What is becoming more and more surprising to me, as my research develops, is that establishing this counter-narrative doesn’t necessitate a great divergence from the popular theories that people know. Whilst the argument that Freud’s Oedipus complex concerns adopted children far more explicitly has only deepened and become more grounded in Freud’s wider body of work, I’ve found that Anna Freud, in particular, drew attention to the plight of adopted, orphaned, fostered, or otherwise displaced children regularly in her writings. It’s impossible to consider the younger Freud without also considering Melanie Klein’s “object relations” theory and this also takes the primal wound as its central kernel, even if implicitly. So whereas my original essay jumped from Freud to Lacan and Deleuze and Guattari, straight over a great deal of feminist discourse, the book version is taking its time with the intervening period. As a result of this, adoption is looming ever larger as an issue sat strangely and quietly within the heart of psychoanalysis, and far more explicitly than I’d previously imagined.

It is also a topic central to contemporary bioethics and societal politics, in an age when families are changing shape and our relationships to one another are changing more generally as well. This is, of course, particularly relevant to feminism as well, and many will hear the above hints towards familial abolition and cheer. However, the fact remains that adoptees have long been overrepresented in seeking psychotherapy and suffering from mental illness whilst, as discovered previously, adoptees are also curiously over-represented within the trans population. For better or for worse, the results of this kind of familial displacement are frequently traumatic, and the implications of that trauma for broader conversations seems woefully absent to me at a time when alternative forms of parenthood, but also motherhood in particular, feels (literarily) all the rage.
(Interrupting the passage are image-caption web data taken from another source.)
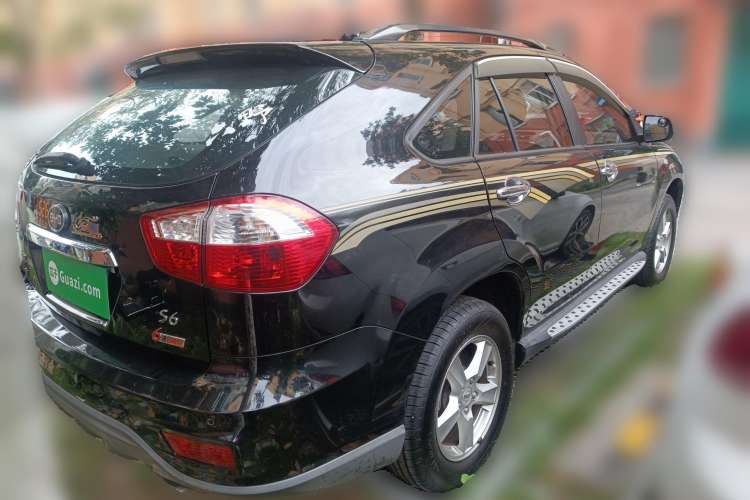 Used BYD S6 2014 2.4L Automatic Prestige 5-Seater Rear Right 45 Deg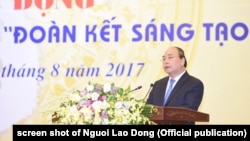 Thủ tướng Nguyễn Xuân Phúc tại lễ công bố "Sách Vàng Sáng tạo Việt Nam năm 2017", Hà Nội, 28/8/2017 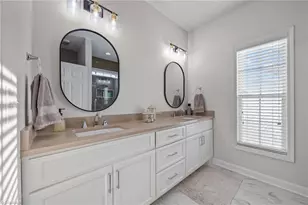 1902 Tweed Ln, Burlington, NC 27215 - Photo 15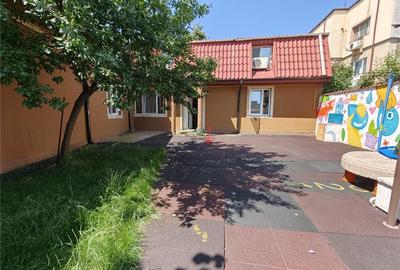 Casă cu 5 camere cu Teren 225 Mp în Moșilor - 1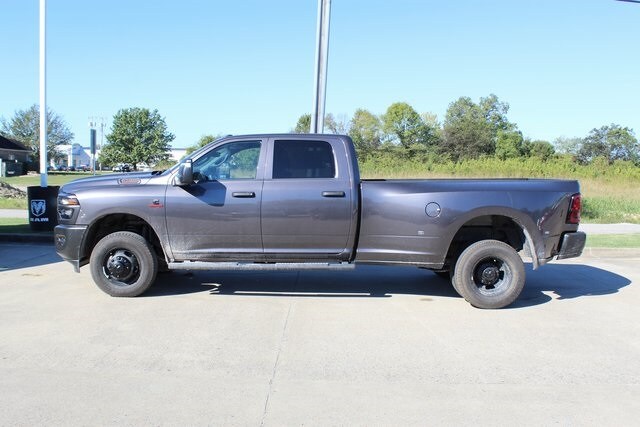 2026 Ram 3500 Tradesman photo 2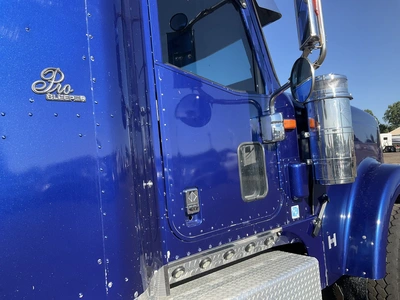 Used 2000 INTERNATIONAL 9900IX Conventional trucks Michigan US | Miedema Asset Management Group #1357798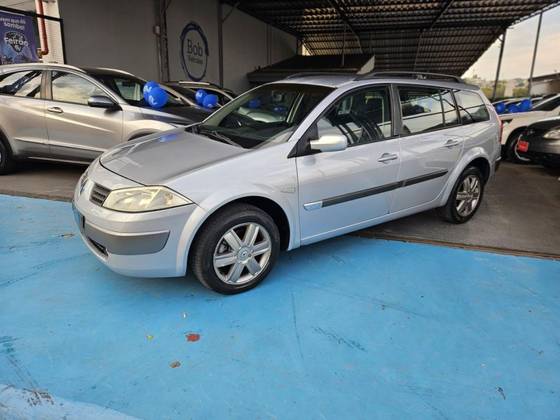 RENAULT MEGANE 2.0 DYNAMIQUE GRAND TOUR 16V GASOLINA 4P AUTOMÁTICO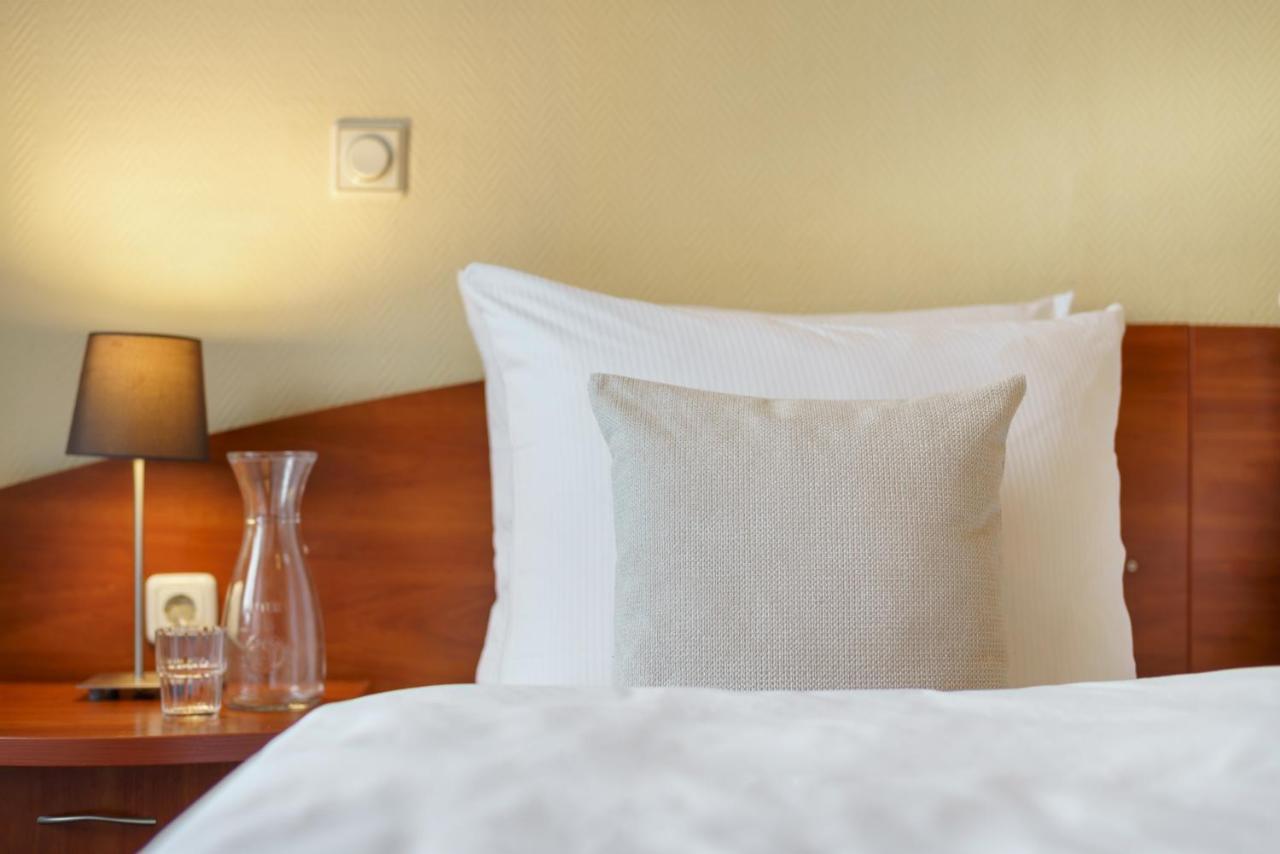 Hotel Novum Kronprinz Hauptbahnhof 3*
A further case that needs to be argued in the book is that the response to this kind of concern is not simply to privilege birth-parent relationships over adoptive ones. Things are far more complex than this and warrant a suitably complex unfolding. Here’s a 2020 article in the Guardian, for instance, responding to a recent call by the UK government to prioritise adoption for children in care, in which professors Anna Gupta and Brid Featherstone make an argument that will be familiar to anyone concerned with the particulars of adoption politics. They write:

Adoption is not a risk-free panacea, as government policy seems to suggest. It is highly complex, with implications for all concerned that endure for decades. There are other options, such as placements with kinship carers or long-term foster carers, and legal remedies such as special guardianship orders, which can provide safety and stability for children, but do not require such a severe break with key relationships.

Echoes of the humanities new humanisms abound here, with talk of kinship and alternative family arrangements, but still there is a gap here as we consider what kinds of subjectivity are produced by this sort of experimentation. The argument is not against experimentation at all, but the conversation certainly needs to diversify.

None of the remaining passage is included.